Parking standards, including parking maximums and minimums, refer to policy decisions regarding the amount of parking that is required for new developments during land use planning.1 Many cities have parking requirements within zoning codes that establish a minimum number of off-street parking spaces to meet the specific development’s demands.2 The purpose is to ensure that there is enough off-street parking available for each development, without vehicles being forced to park in other lots and creating more traffic.
As more people have become dependent on cars, the demand for curbside or on-street parking has increased, and the solution has been to implement zoning requirements for off-street parking.3 Unfortunately, this can limit the space that is available for pedestrian and cyclist infrastructure, public transit, and green space. Parking minimums can also lead to increased local vehicle emissions and traffic noise from discouraging alternative forms of transportation and leading to urban sprawl, a form of rapid low-density development.4 Reducing minimum parking requirements and, instead, establishing parking maximums and removing off-street parking requirements can promote compact development, prevent underutilized parking lots, and can allow the land to be used for other purposes.5
How it Helps
Parking maximums can also reduce the costs of development projects if construction companies are not required to build additional infrastructure in the form of large parking lots. This can leave more land to be converted to green space which can promote physical activity and connectivity of nearby residents.

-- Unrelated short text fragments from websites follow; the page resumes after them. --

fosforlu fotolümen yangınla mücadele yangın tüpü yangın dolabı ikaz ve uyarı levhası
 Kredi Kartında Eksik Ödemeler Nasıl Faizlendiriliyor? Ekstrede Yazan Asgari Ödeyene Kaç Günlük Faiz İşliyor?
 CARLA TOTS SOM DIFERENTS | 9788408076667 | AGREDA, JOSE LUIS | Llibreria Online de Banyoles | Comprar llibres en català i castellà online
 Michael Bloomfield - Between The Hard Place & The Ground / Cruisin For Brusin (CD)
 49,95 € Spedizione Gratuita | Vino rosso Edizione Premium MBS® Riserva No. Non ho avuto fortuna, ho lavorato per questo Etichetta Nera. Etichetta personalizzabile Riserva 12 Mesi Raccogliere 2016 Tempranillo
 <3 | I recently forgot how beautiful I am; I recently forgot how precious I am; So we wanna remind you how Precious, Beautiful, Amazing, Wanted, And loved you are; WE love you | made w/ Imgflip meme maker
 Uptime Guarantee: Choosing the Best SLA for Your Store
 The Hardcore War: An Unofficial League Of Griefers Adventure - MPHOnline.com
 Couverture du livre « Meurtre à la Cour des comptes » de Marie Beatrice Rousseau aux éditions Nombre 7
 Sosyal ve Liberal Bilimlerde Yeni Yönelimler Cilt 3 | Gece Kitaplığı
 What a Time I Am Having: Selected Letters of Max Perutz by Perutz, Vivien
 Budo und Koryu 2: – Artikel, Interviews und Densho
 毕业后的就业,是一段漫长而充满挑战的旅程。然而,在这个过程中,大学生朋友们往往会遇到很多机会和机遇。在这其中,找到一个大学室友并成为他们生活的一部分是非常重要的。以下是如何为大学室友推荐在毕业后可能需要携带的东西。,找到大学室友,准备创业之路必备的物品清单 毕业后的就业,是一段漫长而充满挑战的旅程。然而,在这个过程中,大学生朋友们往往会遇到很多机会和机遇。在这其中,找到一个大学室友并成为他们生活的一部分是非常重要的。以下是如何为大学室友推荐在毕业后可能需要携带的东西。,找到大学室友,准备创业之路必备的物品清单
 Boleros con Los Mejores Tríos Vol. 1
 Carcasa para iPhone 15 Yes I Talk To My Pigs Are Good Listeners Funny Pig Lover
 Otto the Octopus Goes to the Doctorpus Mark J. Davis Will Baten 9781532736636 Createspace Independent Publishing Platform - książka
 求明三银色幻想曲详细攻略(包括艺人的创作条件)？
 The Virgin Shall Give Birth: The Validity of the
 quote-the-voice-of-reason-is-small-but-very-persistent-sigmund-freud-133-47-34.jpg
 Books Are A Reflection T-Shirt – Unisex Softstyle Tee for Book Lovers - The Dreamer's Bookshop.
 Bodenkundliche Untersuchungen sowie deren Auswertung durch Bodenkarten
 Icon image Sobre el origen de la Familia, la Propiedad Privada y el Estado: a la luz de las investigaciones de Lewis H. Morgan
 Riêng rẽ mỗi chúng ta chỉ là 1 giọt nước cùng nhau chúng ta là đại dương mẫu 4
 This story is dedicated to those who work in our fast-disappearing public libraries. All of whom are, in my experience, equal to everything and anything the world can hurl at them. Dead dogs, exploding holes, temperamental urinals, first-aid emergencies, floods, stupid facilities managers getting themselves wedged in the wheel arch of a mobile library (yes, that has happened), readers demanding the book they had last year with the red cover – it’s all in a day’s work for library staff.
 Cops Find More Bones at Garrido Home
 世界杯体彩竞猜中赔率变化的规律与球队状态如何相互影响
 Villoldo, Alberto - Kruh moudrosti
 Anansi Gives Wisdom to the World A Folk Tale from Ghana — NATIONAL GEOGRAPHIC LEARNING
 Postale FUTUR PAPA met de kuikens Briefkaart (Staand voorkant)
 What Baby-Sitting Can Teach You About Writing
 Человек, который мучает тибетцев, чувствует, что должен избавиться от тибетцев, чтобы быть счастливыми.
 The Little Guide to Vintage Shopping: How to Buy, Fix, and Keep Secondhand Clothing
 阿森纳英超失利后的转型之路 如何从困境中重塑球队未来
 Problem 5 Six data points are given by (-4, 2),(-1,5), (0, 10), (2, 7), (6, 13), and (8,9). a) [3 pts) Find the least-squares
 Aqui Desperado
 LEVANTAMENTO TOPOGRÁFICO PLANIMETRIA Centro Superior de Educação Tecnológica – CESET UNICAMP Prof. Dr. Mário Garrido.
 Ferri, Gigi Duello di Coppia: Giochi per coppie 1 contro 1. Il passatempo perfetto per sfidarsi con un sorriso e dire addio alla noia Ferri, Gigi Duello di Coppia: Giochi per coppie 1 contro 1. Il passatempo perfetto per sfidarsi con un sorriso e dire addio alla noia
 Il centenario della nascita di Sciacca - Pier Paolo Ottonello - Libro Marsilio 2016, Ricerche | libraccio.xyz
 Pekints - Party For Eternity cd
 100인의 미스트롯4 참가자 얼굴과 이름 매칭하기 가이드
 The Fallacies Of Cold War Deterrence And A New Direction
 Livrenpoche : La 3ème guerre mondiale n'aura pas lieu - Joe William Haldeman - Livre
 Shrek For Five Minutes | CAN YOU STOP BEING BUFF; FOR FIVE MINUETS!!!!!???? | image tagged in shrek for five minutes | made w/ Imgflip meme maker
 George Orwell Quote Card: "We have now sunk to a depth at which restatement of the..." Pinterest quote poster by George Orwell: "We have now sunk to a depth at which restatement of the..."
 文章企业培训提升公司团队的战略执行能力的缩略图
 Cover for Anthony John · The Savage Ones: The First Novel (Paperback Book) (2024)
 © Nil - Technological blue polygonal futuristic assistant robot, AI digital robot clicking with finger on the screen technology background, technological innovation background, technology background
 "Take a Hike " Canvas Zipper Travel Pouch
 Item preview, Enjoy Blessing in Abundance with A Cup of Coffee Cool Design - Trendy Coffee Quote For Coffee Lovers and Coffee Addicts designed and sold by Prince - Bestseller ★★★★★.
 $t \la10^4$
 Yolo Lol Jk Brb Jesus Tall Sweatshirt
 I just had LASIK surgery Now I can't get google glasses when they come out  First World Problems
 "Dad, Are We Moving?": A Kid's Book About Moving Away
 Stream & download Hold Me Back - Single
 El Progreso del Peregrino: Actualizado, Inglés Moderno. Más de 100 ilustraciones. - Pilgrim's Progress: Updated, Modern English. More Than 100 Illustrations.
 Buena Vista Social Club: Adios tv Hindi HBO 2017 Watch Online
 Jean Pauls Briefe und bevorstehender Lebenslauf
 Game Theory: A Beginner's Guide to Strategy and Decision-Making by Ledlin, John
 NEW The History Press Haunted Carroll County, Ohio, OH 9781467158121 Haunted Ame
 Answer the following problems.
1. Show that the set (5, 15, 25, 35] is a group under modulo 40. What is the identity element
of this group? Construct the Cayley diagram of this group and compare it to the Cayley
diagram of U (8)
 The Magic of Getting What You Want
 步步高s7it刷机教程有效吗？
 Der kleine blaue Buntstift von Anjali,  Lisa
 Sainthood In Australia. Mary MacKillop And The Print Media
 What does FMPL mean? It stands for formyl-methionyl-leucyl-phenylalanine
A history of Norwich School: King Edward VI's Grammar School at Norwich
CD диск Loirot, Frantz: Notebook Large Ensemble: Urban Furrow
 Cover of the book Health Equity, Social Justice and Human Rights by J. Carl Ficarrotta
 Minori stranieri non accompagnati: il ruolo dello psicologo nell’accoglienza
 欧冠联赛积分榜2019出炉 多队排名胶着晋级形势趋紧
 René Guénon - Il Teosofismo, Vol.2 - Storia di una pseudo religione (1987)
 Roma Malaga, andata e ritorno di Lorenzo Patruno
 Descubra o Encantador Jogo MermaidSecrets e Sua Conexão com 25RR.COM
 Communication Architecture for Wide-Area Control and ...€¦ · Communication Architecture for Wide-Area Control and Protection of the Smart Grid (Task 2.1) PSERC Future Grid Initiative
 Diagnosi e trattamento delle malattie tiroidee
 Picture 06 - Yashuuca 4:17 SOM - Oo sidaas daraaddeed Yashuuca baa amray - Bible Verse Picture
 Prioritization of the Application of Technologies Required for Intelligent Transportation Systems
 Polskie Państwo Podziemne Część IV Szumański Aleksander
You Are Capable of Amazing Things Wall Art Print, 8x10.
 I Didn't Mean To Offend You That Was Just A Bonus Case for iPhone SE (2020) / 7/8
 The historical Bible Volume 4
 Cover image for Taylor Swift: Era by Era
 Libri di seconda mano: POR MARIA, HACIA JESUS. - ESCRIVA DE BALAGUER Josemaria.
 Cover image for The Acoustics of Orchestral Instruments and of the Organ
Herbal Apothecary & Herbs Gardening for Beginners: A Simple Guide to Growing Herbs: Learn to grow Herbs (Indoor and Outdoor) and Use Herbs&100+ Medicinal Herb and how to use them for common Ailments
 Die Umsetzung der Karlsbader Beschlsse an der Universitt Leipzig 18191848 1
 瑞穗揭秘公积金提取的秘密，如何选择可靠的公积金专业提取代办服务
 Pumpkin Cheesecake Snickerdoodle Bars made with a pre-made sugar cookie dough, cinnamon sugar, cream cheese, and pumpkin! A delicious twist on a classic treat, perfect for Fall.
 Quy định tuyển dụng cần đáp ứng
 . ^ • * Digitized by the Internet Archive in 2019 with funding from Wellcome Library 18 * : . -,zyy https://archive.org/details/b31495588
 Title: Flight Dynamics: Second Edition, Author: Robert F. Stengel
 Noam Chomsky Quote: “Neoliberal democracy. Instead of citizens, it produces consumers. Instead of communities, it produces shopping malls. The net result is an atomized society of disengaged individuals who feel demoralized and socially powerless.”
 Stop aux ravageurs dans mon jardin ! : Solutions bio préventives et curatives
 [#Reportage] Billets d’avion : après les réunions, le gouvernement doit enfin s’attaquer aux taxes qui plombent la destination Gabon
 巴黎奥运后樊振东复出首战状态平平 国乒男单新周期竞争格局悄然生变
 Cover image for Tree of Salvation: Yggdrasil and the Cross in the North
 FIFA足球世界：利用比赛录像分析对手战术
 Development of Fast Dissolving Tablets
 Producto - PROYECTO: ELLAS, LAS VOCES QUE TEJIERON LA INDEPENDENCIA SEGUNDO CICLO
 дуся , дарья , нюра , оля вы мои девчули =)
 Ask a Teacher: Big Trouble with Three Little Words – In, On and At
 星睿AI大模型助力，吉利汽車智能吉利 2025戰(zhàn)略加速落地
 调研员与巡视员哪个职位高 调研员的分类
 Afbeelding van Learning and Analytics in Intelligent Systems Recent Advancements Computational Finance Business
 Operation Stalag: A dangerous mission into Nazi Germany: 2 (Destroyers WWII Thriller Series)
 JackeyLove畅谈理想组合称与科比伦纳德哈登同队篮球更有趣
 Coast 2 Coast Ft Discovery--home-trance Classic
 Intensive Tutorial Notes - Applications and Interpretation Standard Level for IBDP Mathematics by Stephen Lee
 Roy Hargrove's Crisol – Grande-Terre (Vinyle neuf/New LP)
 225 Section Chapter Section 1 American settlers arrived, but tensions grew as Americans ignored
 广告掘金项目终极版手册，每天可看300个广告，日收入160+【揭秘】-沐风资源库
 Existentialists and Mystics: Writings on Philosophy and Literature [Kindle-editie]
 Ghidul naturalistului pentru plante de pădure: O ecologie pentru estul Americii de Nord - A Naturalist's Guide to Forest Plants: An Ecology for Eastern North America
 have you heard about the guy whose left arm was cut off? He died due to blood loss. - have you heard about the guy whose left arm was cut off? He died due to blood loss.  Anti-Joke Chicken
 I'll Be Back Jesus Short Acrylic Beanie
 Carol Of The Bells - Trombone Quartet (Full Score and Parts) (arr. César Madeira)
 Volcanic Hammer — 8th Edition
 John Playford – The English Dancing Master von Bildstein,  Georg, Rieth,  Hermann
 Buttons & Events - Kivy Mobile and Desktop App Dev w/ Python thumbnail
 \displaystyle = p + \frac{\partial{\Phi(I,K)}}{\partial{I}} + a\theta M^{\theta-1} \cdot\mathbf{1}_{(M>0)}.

Altering parking requirements, such as eliminating parking minimums, will require policy changes at the city level. It may be difficult to persuade policymakers and community members to alter the zoning laws regarding parking availability within the city. Efforts to persuade policymakers and other stakeholders of the health, environmental, and financial benefits of establishing parking maximums will need to be in place. Additionally, since parking availability for residential developments can increase housing value and rent prices, developers and property owners may be less enthusiastic about its removal.
Parking requirements can be set based on the type of development, such as the number of bedrooms or offices, and its location.2 Policymakers can also set parking standards based on the population who is most likely to live in or utilize the building. For example, older adults and low-income individuals may have a lower parking demand and can benefit more from public transit infrastructure and green space.
1) San Francisco, California Parking Minimum
In 2018, San Francisco followed other U.S. cities (including Minneapolis, Minnesota and Buffalo, New York) by eliminating its parking minimum requirement. Although developers will still be allowed to build parking spaces, they are no longer required by the city to meet a certain minimum. This decision can reduce vehicle dependency and lower construction costs.
2) Austin, Texas Parking Minimum
Although Austin’s zoning code still requires a minimum amount of parking for new developments, there has been a push for the city to eliminate all parking minimums, with the idea first introduced in 2019 by the city’s Pedestrian Advisory Council. This does not mean that all new developments would not include parking spaces, but it would allow for high-density land use while addressing the city’s housing crisis.
3) Paris, France On-Street Parking
Paris has made plans to remove thousands of on-street parking spaces to make room for green space and improve the city’s resilience. Following the COVID-19 pandemic, Paris—as well as many other cities—have realized the public health and environmental benefits of having fewer cars on the road, and removing parking spaces is a key way to introduce more sustainable transportation options.